Superiorland Yesterdays
EDITOR’S NOTE: Superiorland Yesterdays is prepared by the reference desk staff at Peter White Public Library.
30 years ago
MARQUETTE – Dressed in their black and red Japanese “happy coats,” delegates from this year’s sister city exchange brought goodwill messages and tales of their recent visit to Japan to the Marquette City Commission Monday. “My experience reaffirmed what we are told so often-people are the same all around the world,” said Marty Eskelinen of Big Bay. Eskelinen was among the 12 Marquette-area delegates who spent 10 days in Yokaichi at the end of May.

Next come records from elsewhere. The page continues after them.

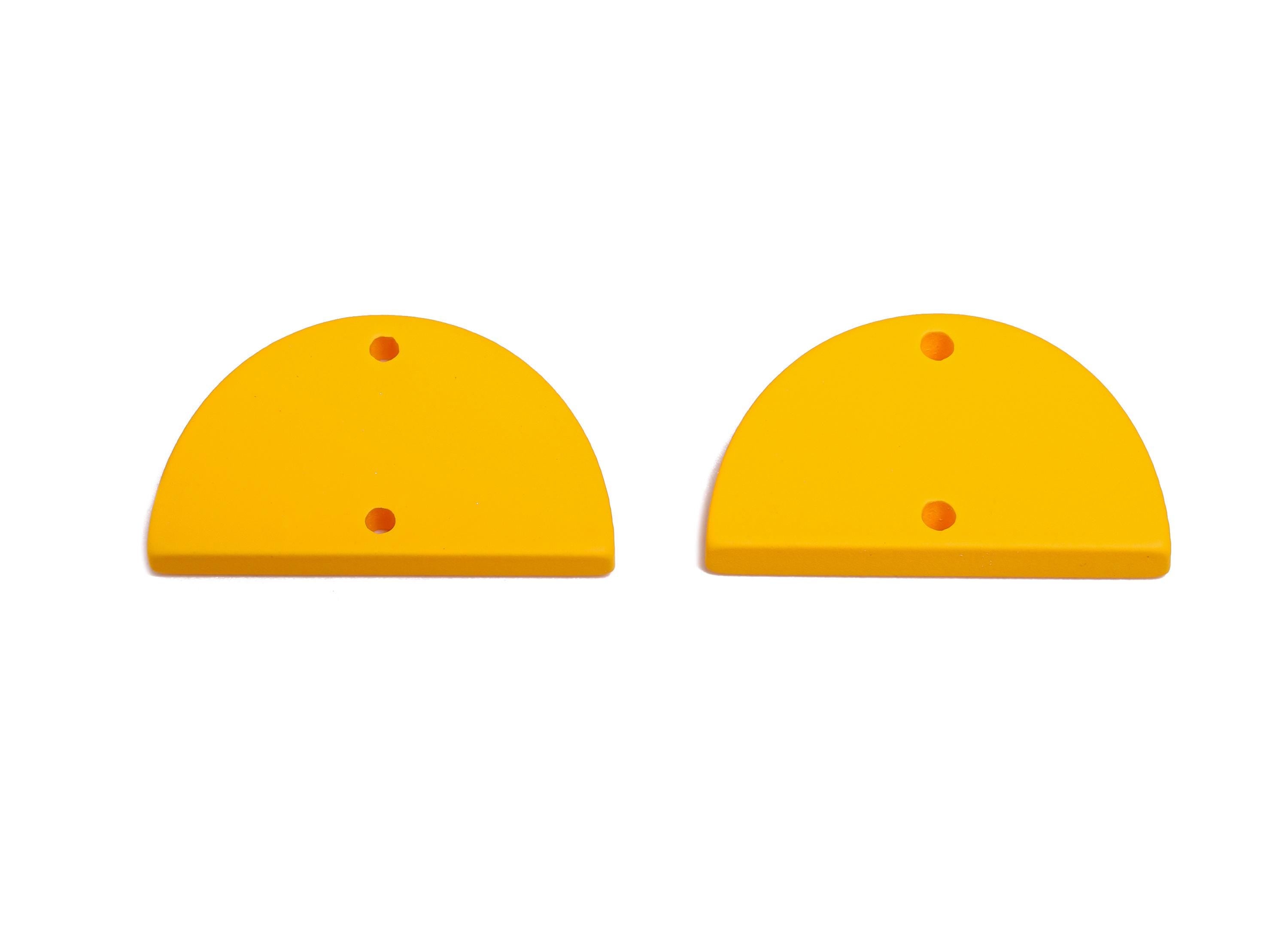 Acrylic Semicircle Earring Connector - Matte Yellow Half Moon Charm - 2 Holes Geometric Jewelry - Color Code: A1057 - 25x15x2mm-AC3659-A1057 - DOMEDBAZAAR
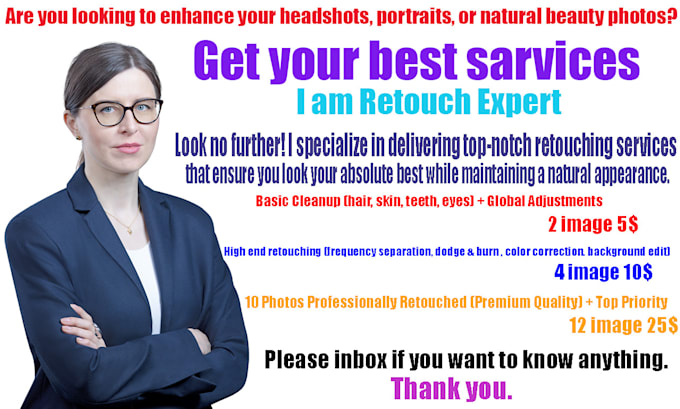 do professionally headshot, portrait, and natural retouch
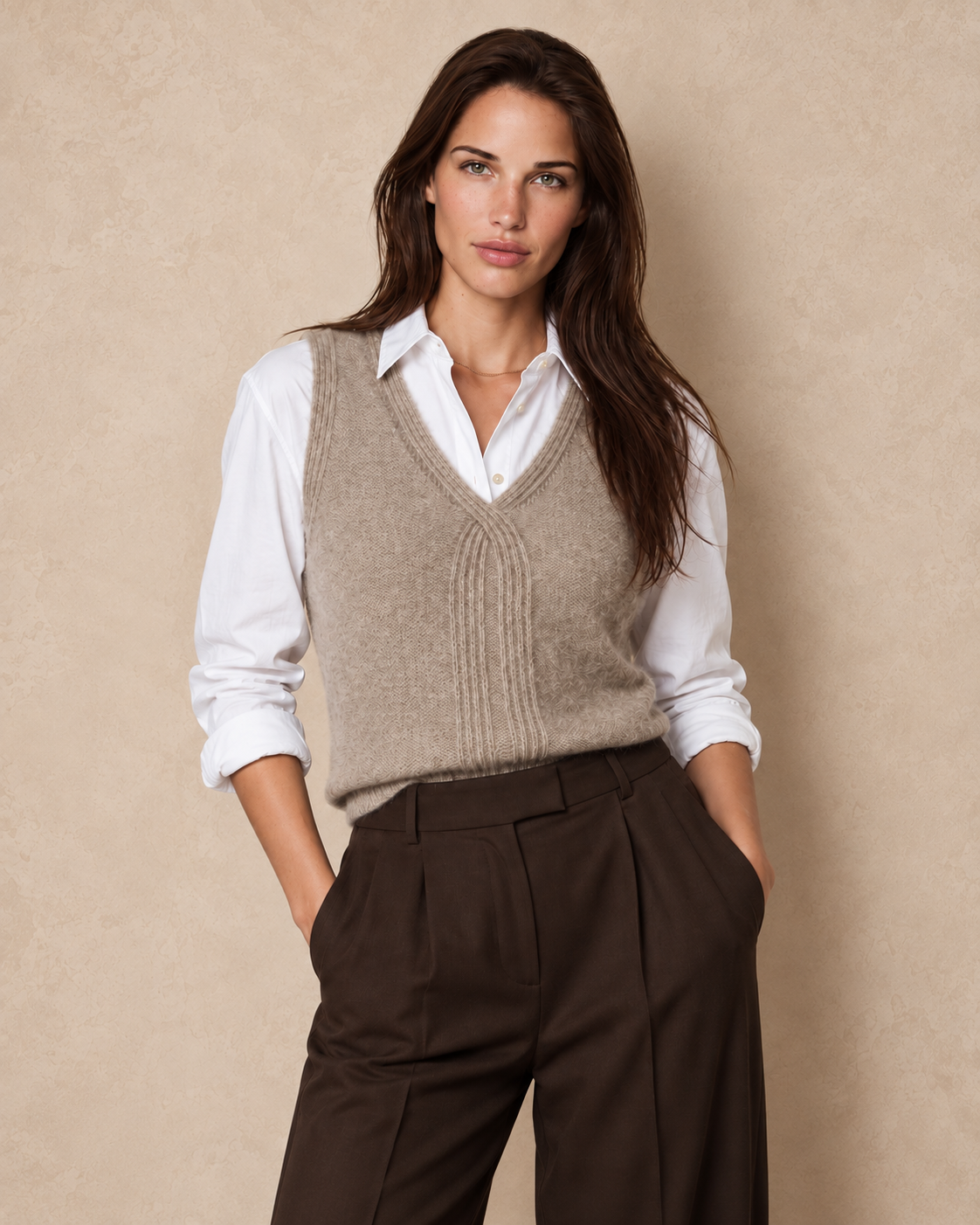 Cashmere Silk V-Neck Top (Sughero)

Delegates from each city have been visiting each other since 1978. Despite a language barrier and strikingly different cultures, friendships made in the sister city program are lifelong and among the dearest, participants say. “I think I have more friends in Yokaichi,” said Dan Oja, delegation leader of this year’s exchange. “A tourist in another country can go on a tour and see all the sites but really never gets in touch with the people,” said Bob Bordeau of Marquette. Bordeau and his wife, Sharon, stayed with a family on the outskirts of Yokaichi. “We were surrounded by rice fields and azaleas were blooming everywhere,” Sharon Bordeau said. Their host family’s 20-year-old daughter spoke a fair amount of English, so they relied less heavily on their English-Japanese translation dictionaries. But six translators did accompany the group on outings and to social functions. Their “happy coats” were gifts received at a kite festival. Delegates said their Japanese friends told them that when wearing the jackets, “you’re supposed to be happy.”
60 years ago
MARQUETTE — The Federal Maritime Commission announced yesterday two investigations of Great Lakes shipping. One will go into the practices of all carriers on the lakes in quoting rates and establishing rules and regulations for the receiving, handling and storing of freight at Great Lakes ports. This inquiry is being undertaken by the commission on its own motion because of allegations that the tariffs of carriers in the Great Lakes trade are ambiguous and do not identify terminal charges against the shipper as separate from ocean carriage charges. The second inquiry, also undertaken on the commission’s own motion, is directed at Iino Kaiun Kaisha, Ltd., and the Mitsui Steamship Co., Ltd. It is based on the allegation that the two lines refuse to bring import cargos to Duluth, Minn., although they call at Duluth to pick up cargos of agricultural products for export.